IFFR eindoordeel Wie waren de winnaars, wat moeten we gaan zien?

Nebraska won afgelopen januari de publieksprijs op het Internationale Filmfestival van Rotterdam. De maker van Sideways heeft met zijn zwartwitfilm opnieuw goud in handen. Wat waren de andere toppers? We maakten een lijstje van de niet-te-missen films die de komende maanden aan zullen spoelen in de reguliere bioscopen. ‘Gefeliciteerd! U heeft zojuist één miljoen euro gewonnen!’ Je kent ze vast wel, die suffe fopbrieven. Alleen nog even de antwoordkaart opsturen en dan stroomt het kapitaal binnenkort over de drempel. De bejaarde vader van David, gespeeld door een fenomenale Bruce Dern, gelooft heilig in zijn geluk. De Amerikaanse regisseur Alexander Payne (Sideways, The Descendants) maakte er een tragikomische roadmovie over: Nebraska. De zwartwitfilm stond de tijdens de afgelopen editie onbetwist op de eerste plek van de publieksfavorieten van het Rotterdamse Filmfestival. Zelfs de documentaire Zombie, The Ressurection of Tim Zom kon de Amerikaanse oude baas niet van de troon stoten. Terwijl Zombie, een indringende documentaire over een Rotterdamse skatekampioen met een geweldige oma, toch een thuiswedstrijd speelde. Tiger Awards, de belangrijkste filmprijzen voor beginnende regisseurs, gingen naar een Japanse, een Zuid-Koreaanse en een Zweedse regisseur.
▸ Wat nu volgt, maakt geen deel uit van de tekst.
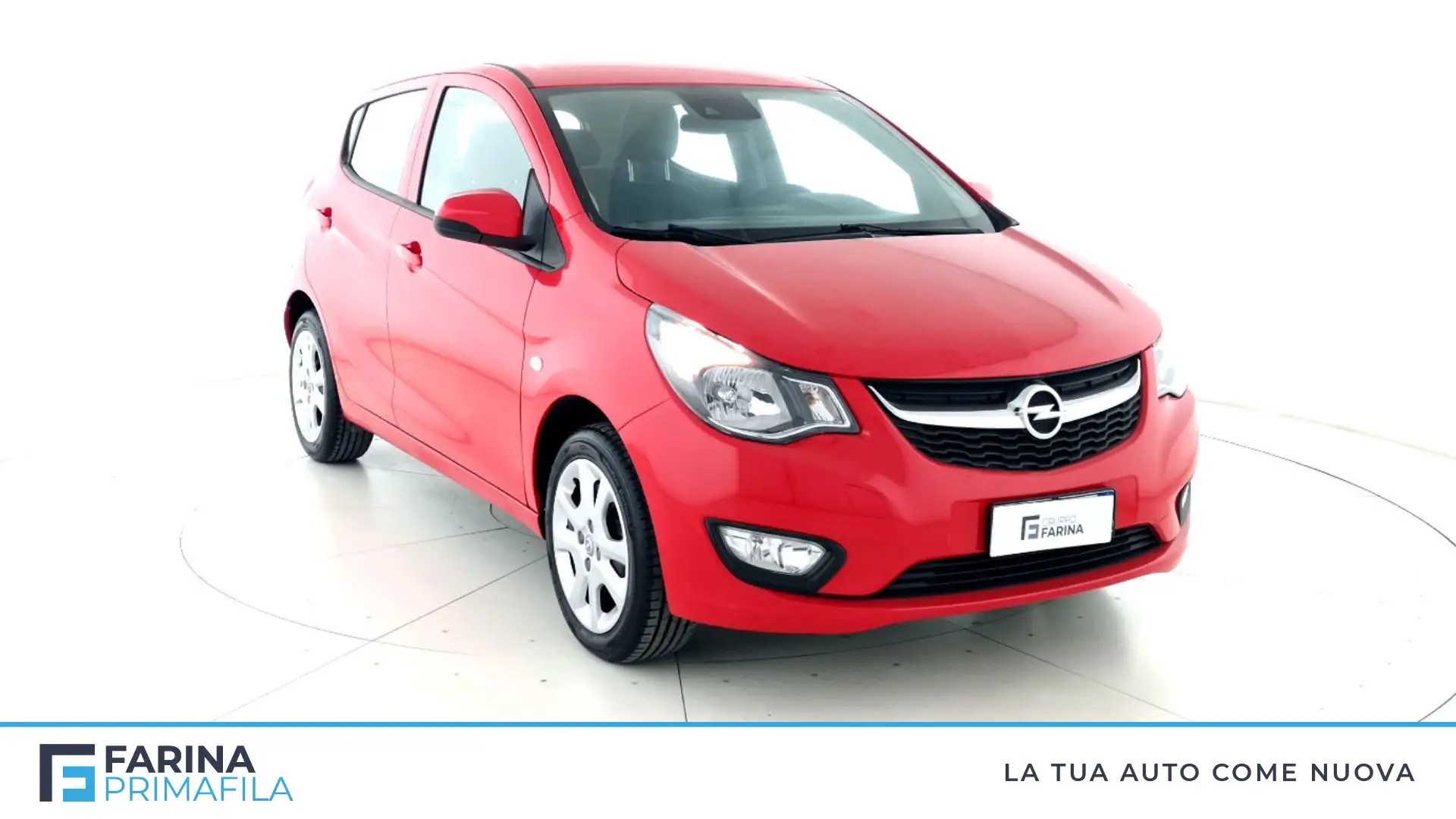 Opel Karl 1.0  Cosmo Red - 2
Dat The Anatomy of a Paper Clip van Ikeda Akira een prijs won, was opvallend. De vorm van de even malle als trage film was weliswaar bijzonder, maar er werd meer weggelopen door bezoekers dan gelachen om de Jiskefet-achtige scènes. Volkomen terecht was de Tiger die het Zweedse Something Must Break won. De film over een verliefdheid tussen een stoere hetero en een androgyne jongen die zich kleedt als meisje is zowel innemend als actueel. Weg met het hokjesdenken. De 43e editie van het filmfestival trok 287.000 bezoekers naar de Maasstad. Dat zijn er 7.000 meer dan vorig jaar, terwijl het niet zo voelde. Zelfs voor films die in de drukbezochte weekends op de rol stonden, waren vaak nog kaarten te krijgen. En op de centrale festivallocatie in De Doelen was vrijwel altijd plek. Dat was vroeger wel anders. Van de 250 films die de afgelopen maand in Rotterdam draaiden, zullen er veel nooit meer op het grote doek te zien zijn in Nederland. Daarvoor ben je aangewezen op de VODwebsites, importwinkels of torrentboeren. Van onderstaande vijf films is de kans groot dat ze later dit jaar in de bioscoop komen. Een aantal heeft zelfs al distributeurs gevonden.

VIJF FILMTIPS

Nebraska

Sfeervolle en charmante roadmovie in zwartwit over een oude baas en zijn zoon die ‘eventjes’ een loterijprijs gaan ophalen en elkaar onderweg leren kennen. Van de maker van Sideways. Publiekslieveling in Rotterdam en waarschijnlijk binnenkort goed voor een paar Oscars. Nebraska draait vanaf eind deze maand in de reguliere bios. (distributie: Cinéart)

Starred Up

Superintense en grimmige gevangenisfilm uit Groot-Brittannië over een onhandelbare knul die vanuit een jeugdinrichting wordt overgebracht naar een zware jongens-nor. Daar blijkt ook zijn vader te zitten. Die al net zo explosief en onberekenbaar is als zoonlief. Iedere scene druipt van de spanning en de talentvolle Jack O’Connell is fenomenaal als hoofdrolspeler Eric Love. (distributie: ABC/Cinemien)

Love Steaks

Heerlijk ontregelende dogma-achtige film uit Duitsland over een onwaarschijnlijke liefde op een al even onwaarschijnlijke plek: een triest wellness-resort aan de kust. Daar leren de verlegen en onhandige masseur Clemens en de extraverte, explosieve leerlingkokin Lara elkaar kennen. Gemaakt door een filmstudent die inmiddels de ene na de andere prijs ophaalt met zijn sprankelende debuut.

La Cueva

Geen film voor claustrofobische mensen, dit vlot gemonteerde en uiterst spannende Spaanse werkje. Wie smulde bij (met handycam geschoten) griezelfilms als The Blair Witch Project en REC gaat aan La Cueva veel plezier beleven. Vijf jongeren op een verlaten eiland verruilen een goddelijk strand voor een donkere grot. Slecht idee.

To Kill a Man

Na maanden te zijn geterroriseerd door de lokale tokkie en zijn kornuiten, slaat de rustige boswachter Jorge uiteindelijk op tilt. Wat gebeurt er in iemands hoofd als het zover is? En kun je als gewone jongen iemand anders vermoorden? De Chileense regisseur Alejandro Fernández Almendras geeft in zijn fascinerende derde film To Kill a Man antwoord op die vraag en baseerde zich daarbij op een waargebeurd verhaal.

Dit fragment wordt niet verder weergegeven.